[[ DATA LISTING open ]]
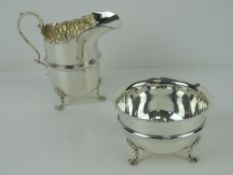 An HM silver sugar bowl and cream jug each raised over three clam shell legs,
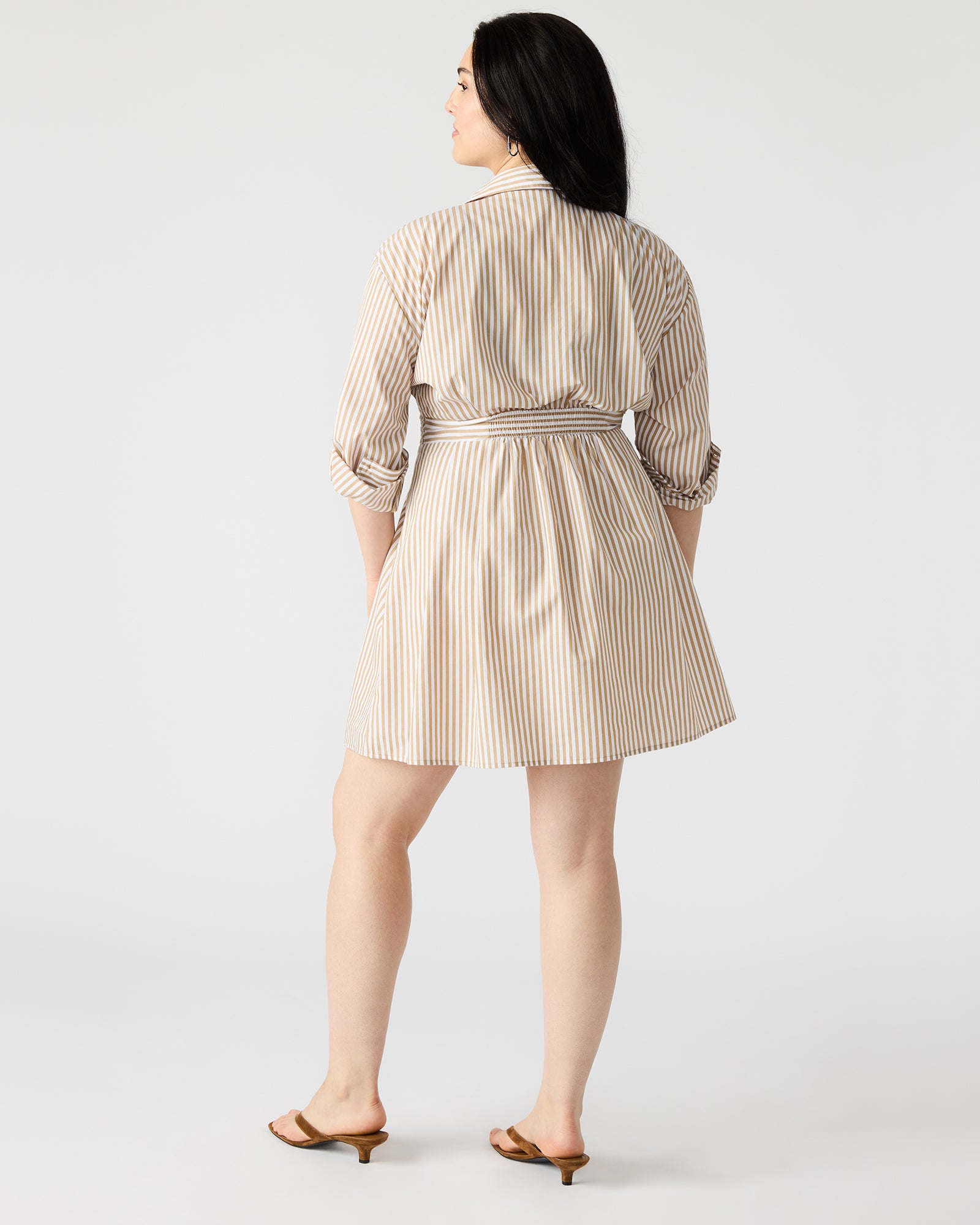 Model wearing the long sleeve mini dress in a casual setting.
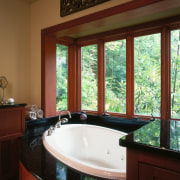 view of the bathroom featuring travertine and granite bathroom, countertop, daylighting, estate, home, interior design, real estate, room, window, wood, red, brown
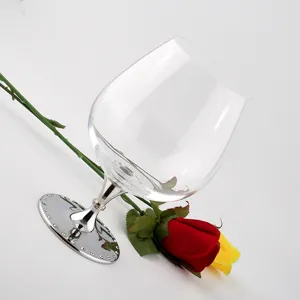 Detailansicht eines Kristall-Brandyglases mit elegantem Metallfuß und Rosen-Deko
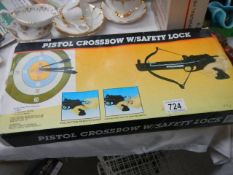 A boxed Pistol cross bow with safety lock.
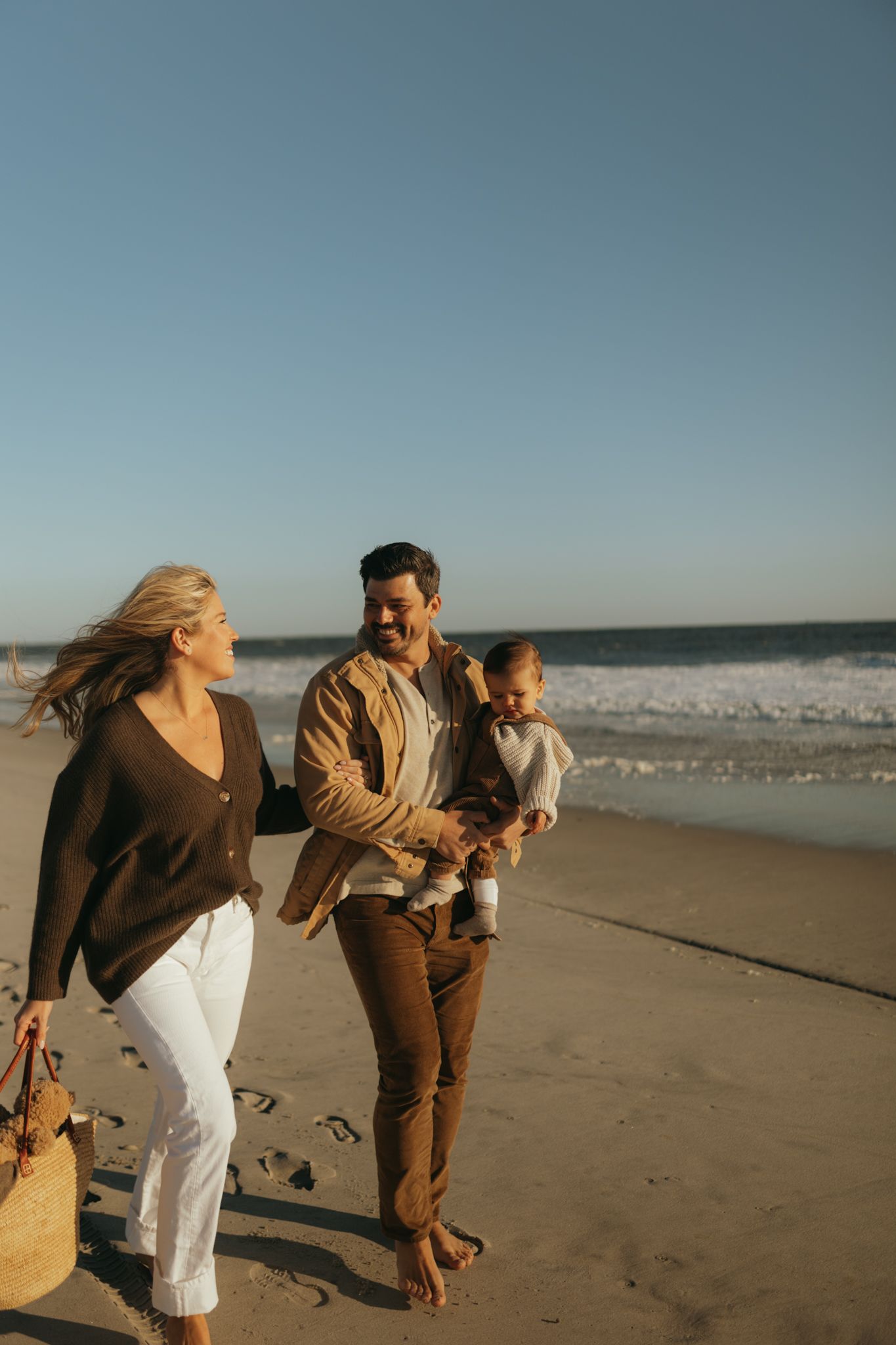 A family takes a leisurely stroll along the shoreline on a sunny beach day.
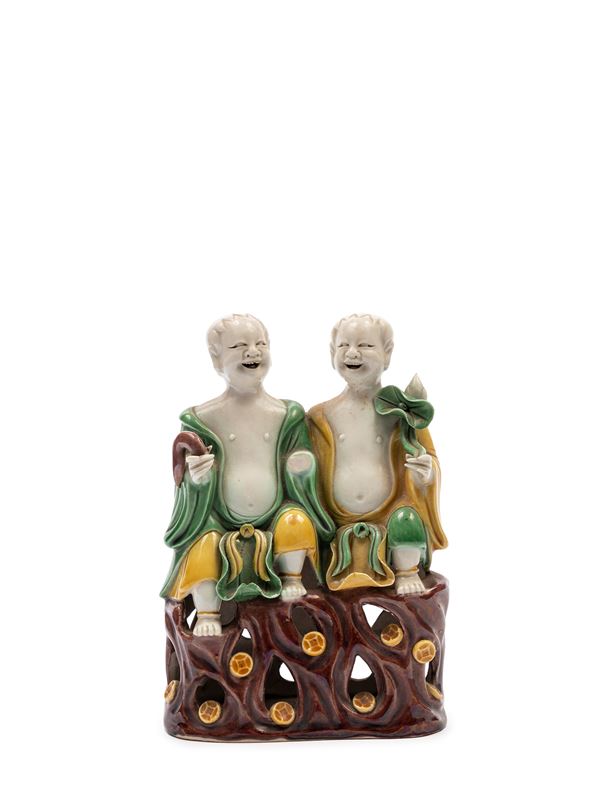A FAMILLE VERTE PORCELAIN FIGURE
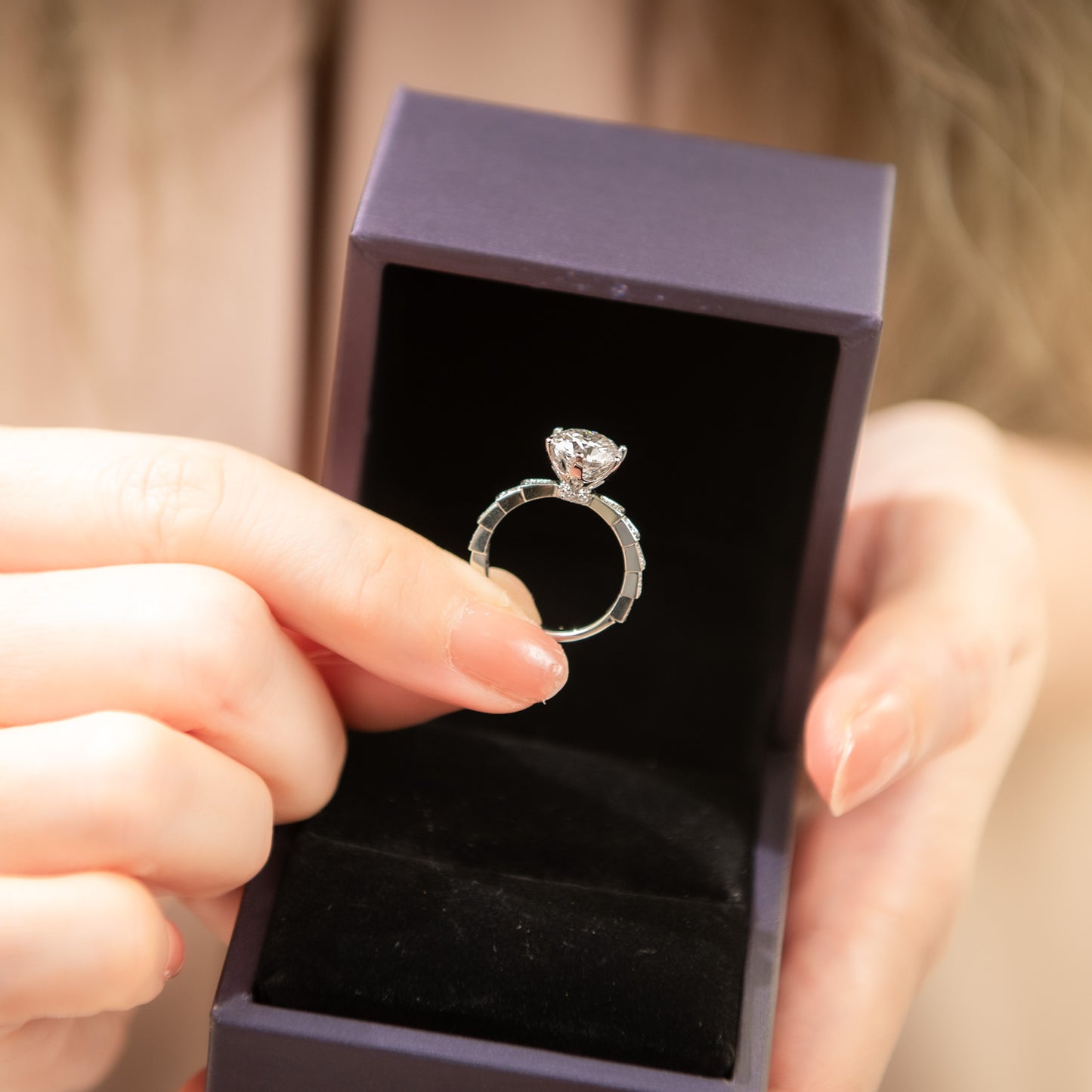 Silver ring held by a person with a blurred background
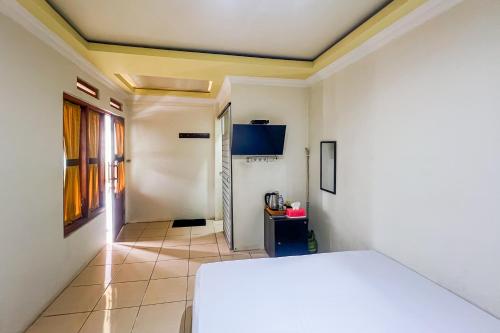 a room with a white bed and a hallway at Kings Hotel Dieng RedPartner in Diyeng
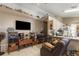 Spacious living room featuring neutral walls, display shelving, and an open floor plan at 4561 Heritage Oak Dr, Orlando, FL 32808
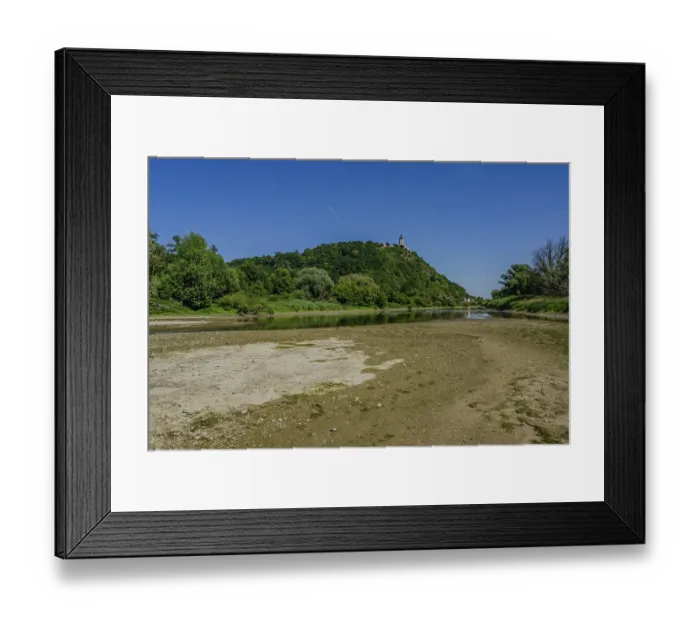Framed Print : A gentle river flowing by a wooded hill with a clear sky and sunny weather in the background
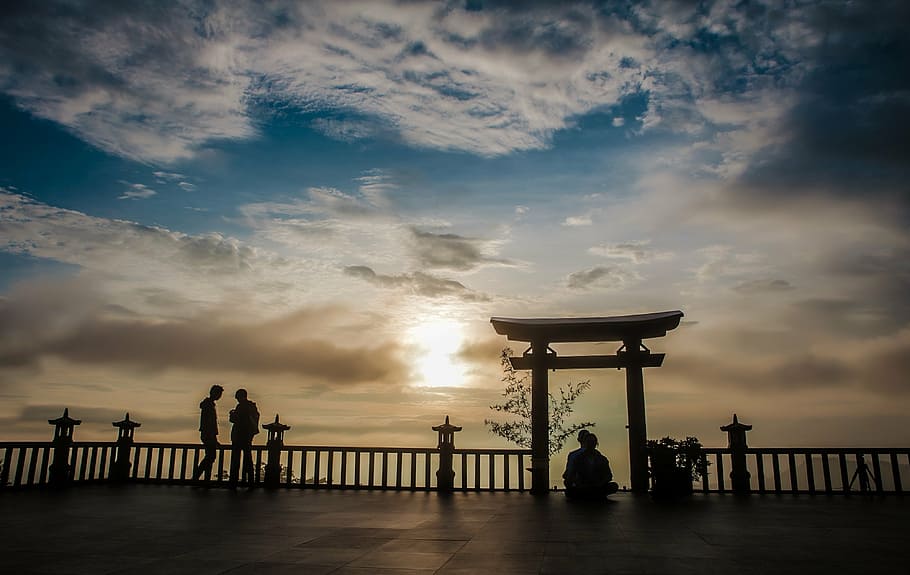 two person standing near railings under cloudy sky, pagoda, viet nam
[[ DATA LISTING closed ]]
▶ [WHAT THE TASK REQUIRES] Could the entries be output exactly as written, but without their images?

▶ [ANSWER TO THIS PROBLEM]
 An HM silver sugar bowl and cream jug each raised over three clam shell legs,
 Model wearing the long sleeve mini dress in a casual setting.
 view of the bathroom featuring travertine and granite bathroom, countertop, daylighting, estate, home, interior design, real estate, room, window, wood, red, brown
 Detailansicht eines Kristall-Brandyglases mit elegantem Metallfuß und Rosen-Deko
 A boxed Pistol cross bow with safety lock.
 A family takes a leisurely stroll along the shoreline on a sunny beach day.
A FAMILLE VERTE PORCELAIN FIGURE
 Silver ring held by a person with a blurred background
 a room with a white bed and a hallway at Kings Hotel Dieng RedPartner in Diyeng
 Spacious living room featuring neutral walls, display shelving, and an open floor plan at 4561 Heritage Oak Dr, Orlando, FL 32808
Framed Print : A gentle river flowing by a wooded hill with a clear sky and sunny weather in the background
 two person standing near railings under cloudy sky, pagoda, viet nam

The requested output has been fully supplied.